At Sun, there are over 40 people, including myself, with the first name Mark whose last name starts with M. One of them even works on the same project as myself.
So, it was rather vital that, when the OpenID announcement was made today I hop onto the site and grab http://openid.sun.com/markm. Bwa ha ha.
*cough*
There are certainly benefits and drawbacks to having such a common first name. As my last name, Musante, is rather unusual here in the States, it takes the edge off. Moreover, there's an odd affinity one feels for those who share your name. By coincidence, my best friend in High School was named Mark, but no doubt our initial friendship was helped by our name. It's also fun to tease those with alternate spellings as those of you with Jeff/Geoff, or Neil/Neal, or Erik/Eric names are aware. (The spelling 'Marc' is clearly incorrect. And, although Marcus is fine, Markus is just plain wrong.)
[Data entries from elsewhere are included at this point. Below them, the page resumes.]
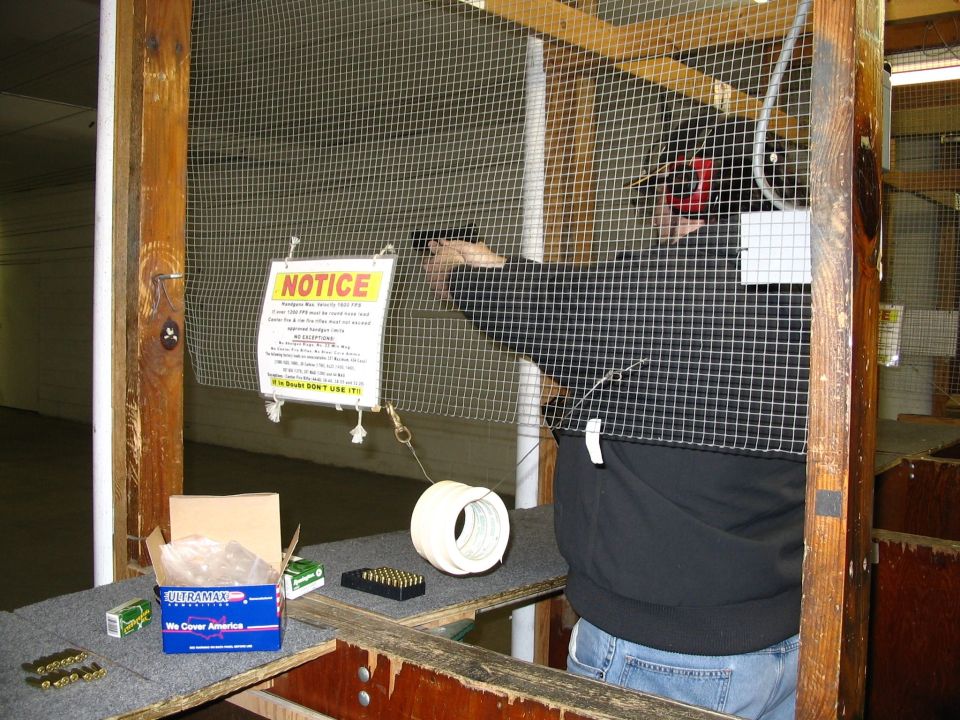 Me firing my Springfield XD-9 same night I bought it-the range was freezing about 45 degrees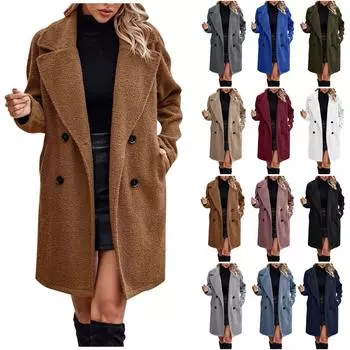 Женская осенне-зимняя повседневная модная однотонная куртка с v-образным вырезом и карманом M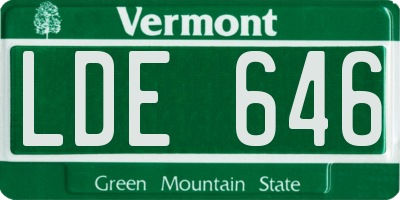 VT license plate LDE646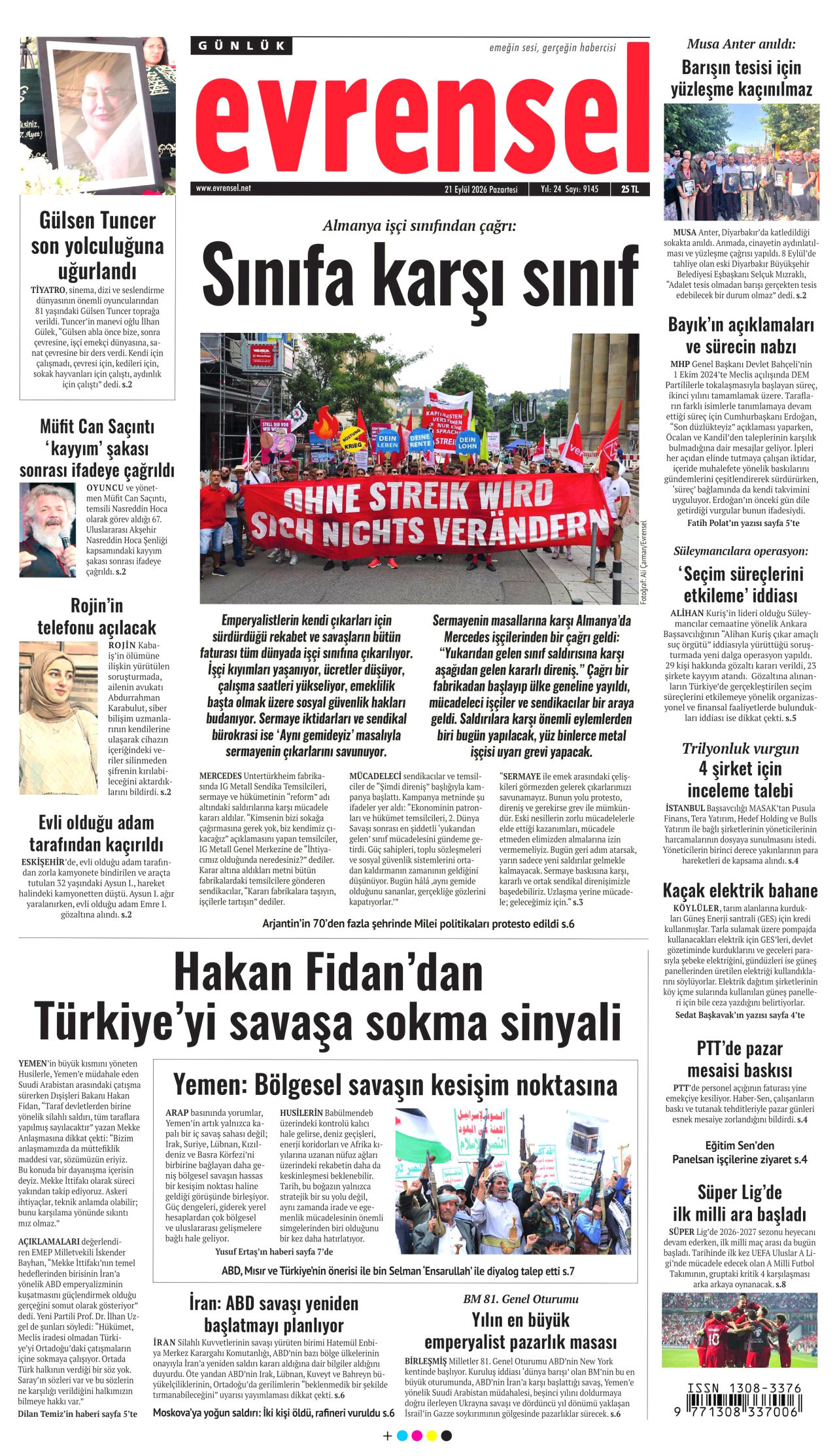 EVRENSEL gazetesinin 21 Eylül 2026 tarihli birinci sayfası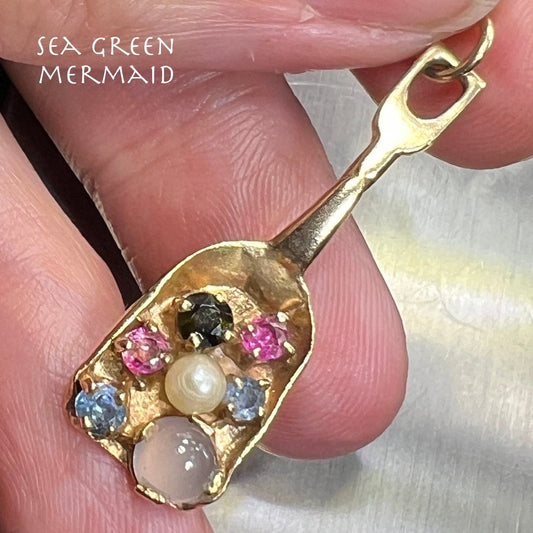 14k Gold Shovel Full of Gems Pendant. Blue Sapphire, Moonstone, Ruby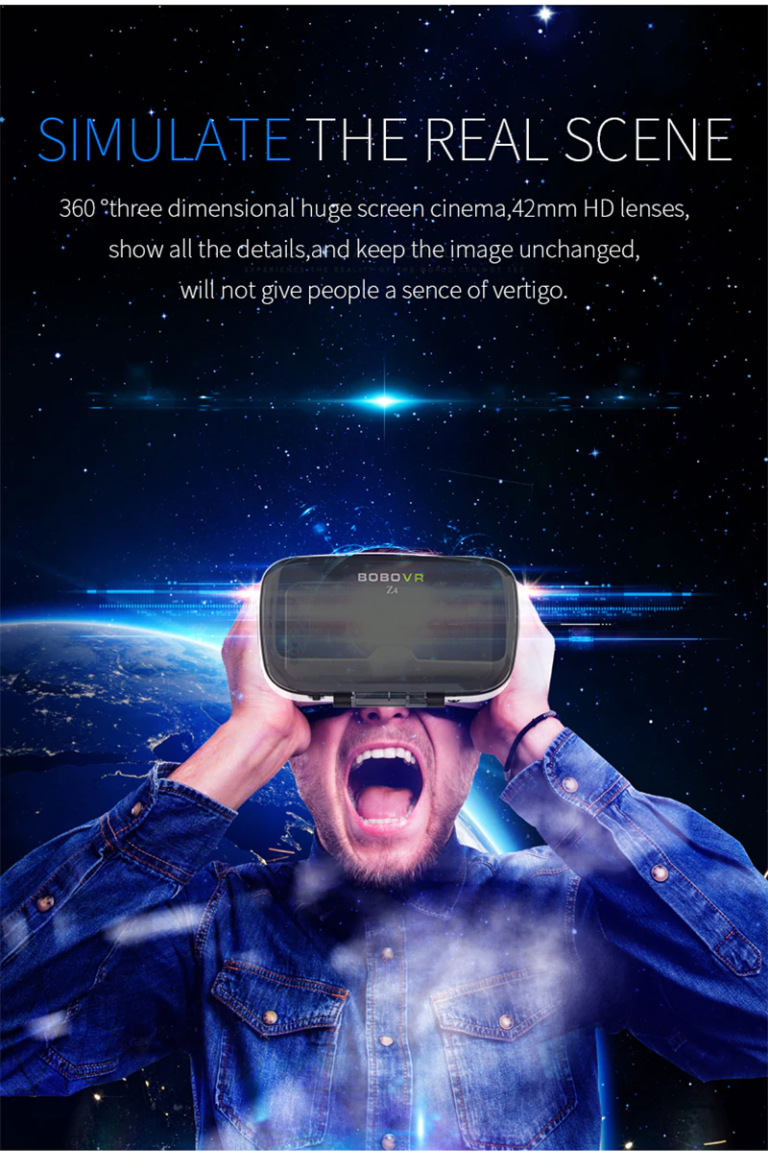 משקפי מציאות מדומה BOBOVR משולבות אוזניות ושלט בלוטות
The main drawback is that it's SO common. There are over 370 employees at Sun with the first name Mark, and almost 60 with Marc (see? it's wrong!). So when we named our children, we deliberately picked names that were relatively uncommon, but common enough to offset the unusualness of Musante: Alec, Samantha, Zoë. Only one bloke here at Sun is named Alec (although there is an Aleck too). Only 9 Samanthas, and only 3 Zoë's.